能楽・喜多流を継承する塩津哲生さん、塩津圭介さんが出演する「第七回 塩津能の會(かい) 九州公演」が11月14日(土)、大濠公園能楽堂(福岡市中央区)で上演されます。
演目は、舞囃子「山姥」と能「天鼓」
喜多流とは、江戸時代初期に流祖・喜多七太夫長能が打ち立てた能楽の流派で、観世流、宝生(ほうしょう)流、金春(こんぱる)流、金剛流と並ぶ、能楽五流の一つです。豊臣秀吉や福岡藩黒田家の庇護を受けていました。 今回の演目は、舞囃子「山姥(やまんば)」と能「天鼓(てんこ)」。 この秋は、日本の伝統芸能である能楽の深遠で趣のある世界に触れてみてはいかが?

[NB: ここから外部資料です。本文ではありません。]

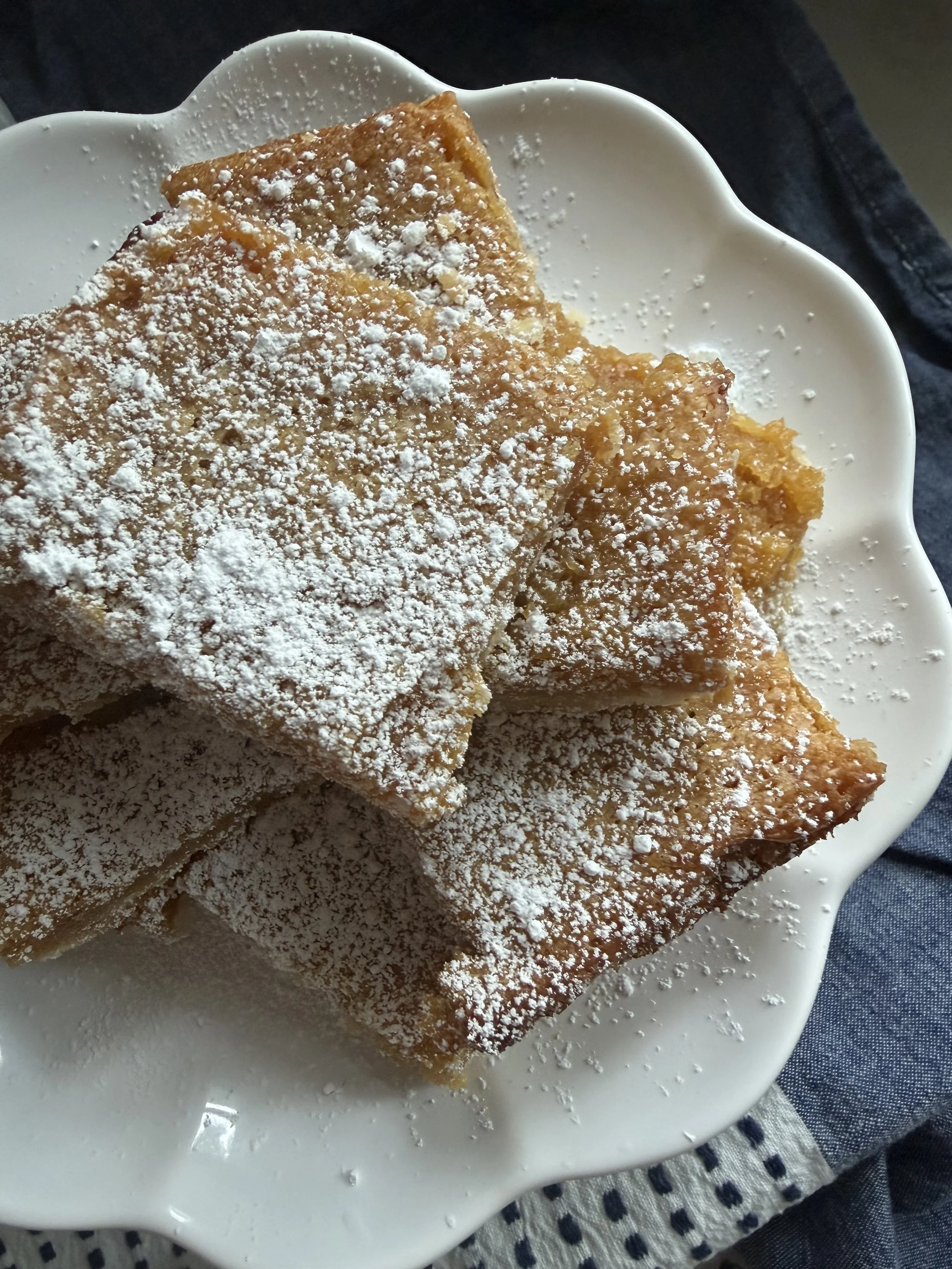 Caramelized Pineapple Shortbread Bars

山姥(やまんば) あらすじ 信州善光寺参りをする都の遊女・百萬の一行が上路越の難路をたどるうち、にわかに暗くなり途方に暮れていたところ、今宵の宿を貸そうと一人の女が呼びかける。女は、百萬が百萬山姥と呼ばれる当たり芸「山姥の山巡り」の曲舞を聞きたいと告げる。女は山姥の化身だった。「どうせ謡(うた)うなら、月の出でを待て。私の真の姿をお見せしよう」と言い捨てその姿は消え去る。夜、深山幽谷の景色を眺めつつ、山姥が現れる。恐怖を抑え、百萬は曲舞を謡う。妄執の心を抱き、永遠に山を巡り続ける山姥。名残(なごり)を惜しみつつ、峰や谷を翔(かけ)り、その姿は消え失せる。 今回はクライマックスの山姥の舞の部分を舞囃子(能の一部を紋付袴姿で囃子と地謡と共に演じる形式)で披露されます。豪快、壮大、親和、変幻自在の技を尽くした曲舞といわれます。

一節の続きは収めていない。